JDBC river doesn't start after delete & recreate


(Justin Doles) #1

I'm having an issue with JDBC rivers. I'm running ES 0.90.7 and JDBC river
2.2.3. I have a 3 node cluster: 1 w/no data (Windows) and 2 w/ data
(Linux).

I can create a simple river initially.

{
"type" : "jdbc",
"jdbc" : {
"strategy" : "oneshot",
"driver" : "com.mysql.jdbc.Driver",
"url" : "jdbc:mysql://192.168.1.1:6033/test",
"user" : "test_account",
"password" : "test_password",
"sql" : "SELECT orders.id AS _id, orders.name,
orders.description, BinaryToGuid(orders.guid), orders.number
FROM test.orders;"
},
"index" : {
"index" : "orders",
"type" : "order"
}
}

This works for the initial load. If I stop the river while it's running by
deleting it, I cannot start another river with the same parameters until
stop ES on the data node that was processing this river. Once I do that,
the other node starts the river. Is there something I'm not understanding?
I don't see any errors in the logs.

Thanks.

--
You received this message because you are subscribed to the Google Groups "elasticsearch" group.
To unsubscribe from this group and stop receiving emails from it, send an email to elasticsearch+unsubscribe@googlegroups.com.
To view this discussion on the web visit https://groups.google.com/d/msgid/elasticsearch/7614d944-d89a-463e-8c46-6e07134f230f%40googlegroups.com.
For more options, visit https://groups.google.com/groups/opt_out.


(Jörg Prante) #2

Not sure if this is related to rivers in general.

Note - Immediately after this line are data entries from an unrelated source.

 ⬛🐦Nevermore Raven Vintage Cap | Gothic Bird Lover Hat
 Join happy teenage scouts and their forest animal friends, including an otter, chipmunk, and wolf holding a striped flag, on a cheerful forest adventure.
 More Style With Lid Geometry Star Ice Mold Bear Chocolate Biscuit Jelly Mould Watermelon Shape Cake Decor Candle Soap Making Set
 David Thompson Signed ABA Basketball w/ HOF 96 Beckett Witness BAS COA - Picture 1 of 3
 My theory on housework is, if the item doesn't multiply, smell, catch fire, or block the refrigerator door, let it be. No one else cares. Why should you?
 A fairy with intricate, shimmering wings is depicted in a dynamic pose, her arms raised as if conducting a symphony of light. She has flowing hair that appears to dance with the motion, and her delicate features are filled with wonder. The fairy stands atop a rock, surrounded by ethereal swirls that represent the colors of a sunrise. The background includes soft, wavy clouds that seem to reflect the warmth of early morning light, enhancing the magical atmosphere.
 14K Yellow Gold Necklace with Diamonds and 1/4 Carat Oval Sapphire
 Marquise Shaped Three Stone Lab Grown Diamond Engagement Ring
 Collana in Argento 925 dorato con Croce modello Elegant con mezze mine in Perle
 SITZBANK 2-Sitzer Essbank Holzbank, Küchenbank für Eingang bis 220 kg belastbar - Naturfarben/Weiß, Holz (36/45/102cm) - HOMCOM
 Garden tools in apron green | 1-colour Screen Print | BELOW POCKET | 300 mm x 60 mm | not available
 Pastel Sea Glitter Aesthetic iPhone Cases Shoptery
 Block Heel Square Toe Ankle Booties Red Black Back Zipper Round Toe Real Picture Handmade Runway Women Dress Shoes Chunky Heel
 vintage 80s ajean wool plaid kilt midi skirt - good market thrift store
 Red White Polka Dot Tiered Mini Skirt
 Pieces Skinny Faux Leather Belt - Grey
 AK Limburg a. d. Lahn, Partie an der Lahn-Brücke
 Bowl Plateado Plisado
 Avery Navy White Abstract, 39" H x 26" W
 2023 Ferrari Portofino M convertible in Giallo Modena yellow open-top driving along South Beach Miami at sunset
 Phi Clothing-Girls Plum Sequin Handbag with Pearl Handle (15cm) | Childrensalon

The JDBC river runs in a separate thread and writes state info at each
cycle into the private river index. Deleting a river while the river is
running may not remove the river resources completely, or it may hang doing
this. This could explain why the cluster is thinking it should restart the
river instance at the other node. At least, I have not tested these
situations.

Jörg

--
You received this message because you are subscribed to the Google Groups "elasticsearch" group.
To unsubscribe from this group and stop receiving emails from it, send an email to elasticsearch+unsubscribe@googlegroups.com.
To view this discussion on the web visit https://groups.google.com/d/msgid/elasticsearch/CAKdsXoGKk6KAy-ZX0xWrc%2BQXnQ_4dSZT0%2BBebo-iOS8vX8CqSw%40mail.gmail.com.
For more options, visit https://groups.google.com/groups/opt_out.


(Justin Doles) #3

You may be right. I'm far from an expert in ES. If I delete the first
river (my_river_1) while it's running (delete is successful) then create a
new river (my_river_2) with the same parameters, the second river won't
start until I stop the ES node that was processing the first river.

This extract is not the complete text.